Each line from the one containing "Cat with a maracas sticker" to the end of the listing below must be retyped exactly, with no line left out and none added.

**The records**
◆ ◆ ◆ ◆ ◆

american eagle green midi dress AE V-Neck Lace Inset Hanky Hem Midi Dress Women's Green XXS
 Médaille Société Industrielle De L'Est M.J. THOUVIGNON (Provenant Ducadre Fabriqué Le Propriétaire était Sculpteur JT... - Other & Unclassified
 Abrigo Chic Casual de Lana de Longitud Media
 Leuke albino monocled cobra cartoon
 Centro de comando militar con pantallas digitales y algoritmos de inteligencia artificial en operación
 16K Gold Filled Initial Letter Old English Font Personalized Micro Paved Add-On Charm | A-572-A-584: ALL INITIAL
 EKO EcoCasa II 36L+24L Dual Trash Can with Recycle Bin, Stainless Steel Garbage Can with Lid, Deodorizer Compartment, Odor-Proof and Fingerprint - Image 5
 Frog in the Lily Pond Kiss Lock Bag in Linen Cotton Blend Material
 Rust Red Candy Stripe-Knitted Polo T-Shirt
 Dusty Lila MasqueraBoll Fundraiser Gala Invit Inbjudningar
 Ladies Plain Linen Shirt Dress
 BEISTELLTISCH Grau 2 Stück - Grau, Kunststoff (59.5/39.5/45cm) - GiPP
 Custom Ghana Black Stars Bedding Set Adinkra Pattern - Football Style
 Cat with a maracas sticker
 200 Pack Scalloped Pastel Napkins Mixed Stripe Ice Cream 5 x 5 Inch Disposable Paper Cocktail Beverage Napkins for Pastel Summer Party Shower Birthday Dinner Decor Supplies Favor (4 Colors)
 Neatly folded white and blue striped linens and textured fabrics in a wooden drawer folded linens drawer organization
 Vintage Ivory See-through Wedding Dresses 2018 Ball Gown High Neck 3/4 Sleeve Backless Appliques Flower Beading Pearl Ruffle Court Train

◆ ◆ ◆ ◆ ◆

**Written solution**
 Cat with a maracas sticker
 200 Pack Scalloped Pastel Napkins Mixed Stripe Ice Cream 5 x 5 Inch Disposable Paper Cocktail Beverage Napkins for Pastel Summer Party Shower Birthday Dinner Decor Supplies Favor (4 Colors)
 Neatly folded white and blue striped linens and textured fabrics in a wooden drawer folded linens drawer organization
 Vintage Ivory See-through Wedding Dresses 2018 Ball Gown High Neck 3/4 Sleeve Backless Appliques Flower Beading Pearl Ruffle Court Train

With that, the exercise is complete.